Though Barmby had no experience, this was probably the most popular managerial appointment in Hull City’s history. He was local, worshipped, symbolic of the club, a phenomenal player and had the absolute respect of the squad. He also was winding down his own career – indeed, the moment he got the job he stopped playing entirely – and had been doing some coaching under Pearson prior to his elevation.
Pearson still gets some stick now from City fans because of the way he left the club and also the perception that his tactical preferences were rather safe and limited. Neither were fair – he saw through the Allams before anyone else, and we did play some fine football on his watch at times – but it nonetheless cannot be said that Barmby’s first game in charge replicated anything Pearson would have encouraged or plotted, as City went to Derby and ripped them to pieces.
The first half was a stupendous, mesmeric exhibition of flowing pass and move football, with each player on duty making themselves permanently available to receive the ball. It was utterly unbecoming of a City side to play like this, which made it all the more fantastic. Matt Fryatt and Cameron Stewart scored in the first 25 minutes and the game was won. Derby were spared further torture in the second half as City played the percentage game to guarantee the points, and the Tiger Nation wandered away afterwards thinking, with inevitable excess of ambition, that promotion was a cert.
The bubbles were popped quickly the following week when Burnley scored three times in the final 12 minutes at the Circle to win 3-2 and in truth, only at Cardiff later that season did City play as freely and dominantly under Barmby again. That was the one highlight of a crazy nine-match March for City, which ended in exhaustion, five straight losses and zero hope of the play-offs. On the final day, after a gallant 2-1 defeat at West Ham, Barmby calmly told the local press that he’d like a bit of cash to spend on players in the summer, and all hell broke loose.
After, and indeed despite, three straight wins, the ultimate managerial hero is sacked by an ownership everyone despises, then you come in for the last day of the season and oversee a 3-0 home defeat to ten-man Hartlepool United which is over by half time. Welcome to Hull, Brian.

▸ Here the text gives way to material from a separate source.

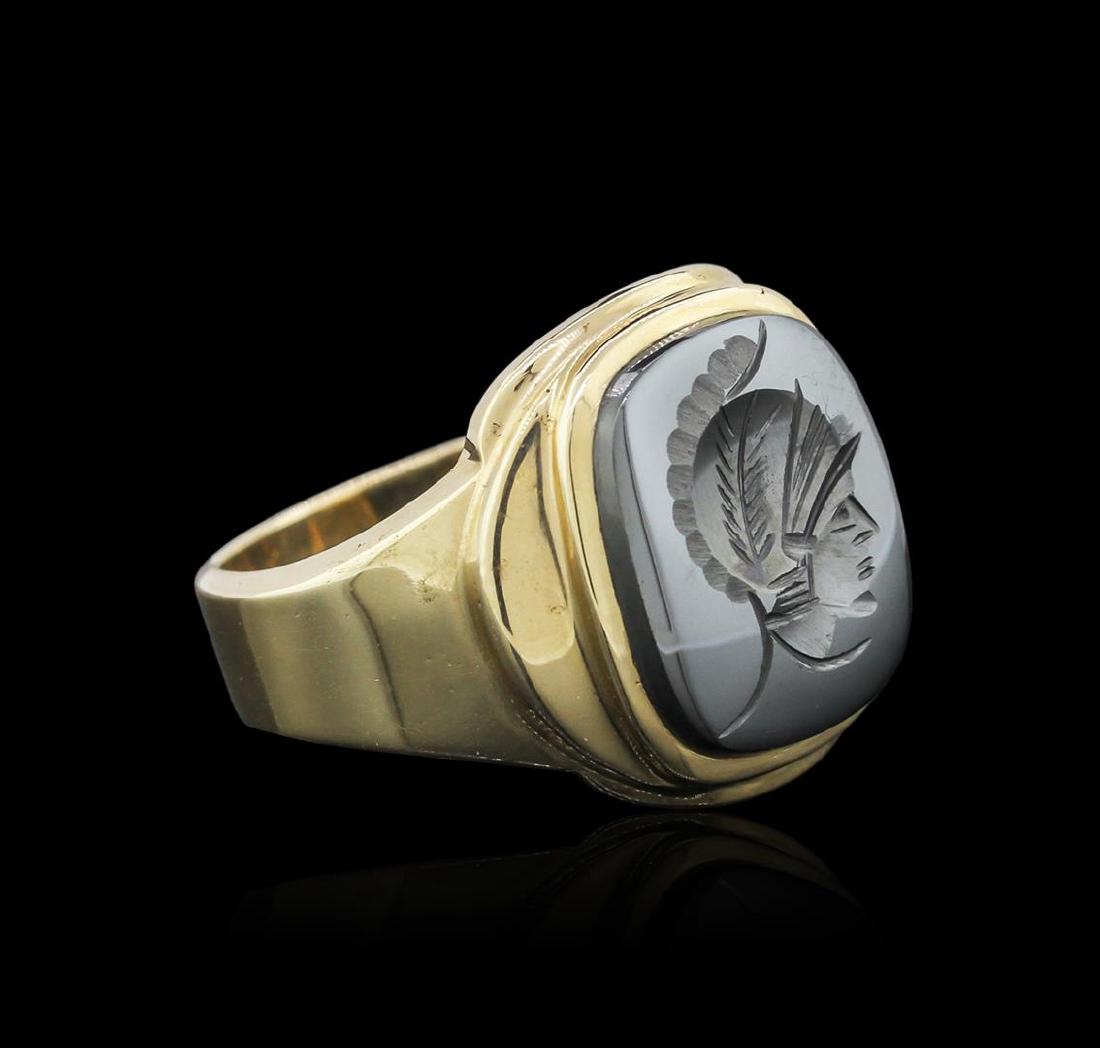 10KT Yellow Gold 5.90 ctw Hematite Ring: One electronically tested 10KT yellow gold mens cast hematite ring with a bright polish finish. Identified with markings of "10K". Condition is very good. Containing: One bezel set intaglio cut natura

Brian Little, one of the nicest men in football, must have wondered what he had let himself in for. He’d won a League Cup as Villa manager just four seasons before, after all. Did he need all this? Fortunately, he then had a summer to think about it, decide it really was worthwhile and show a remarkable combination of tactical acumen, professional gallantry and mental strength over the next 12 months to earn City a play-off place rendered all the more improbable with the vitriol and posturing off the field that had left the club unable to access their own training facilities and put players into financial difficulty when wages went unpaid.
The play-offs didn’t work out for Little and City, but boy had he done enough to allow fans pining for Warren Joyce to accept that life had now moved on, and would continue to do so. The arrival of Adam Pearson as owner and saviour allowed everyone to concentrate on on-pitch matters afterwards, to everyone’s relief and delight, and although Little didn’t quite do enough to warrant another full season, he left Boothferry Park with everyone’s gratitude and warm wishes. A home defeat to Hartlepool was now more than forgivable.
We didn’t include Stan Ternent’s mid-season debut as manager, despite it being probably the most impressive, because we’ve featured it on a previous edition of Famous Five.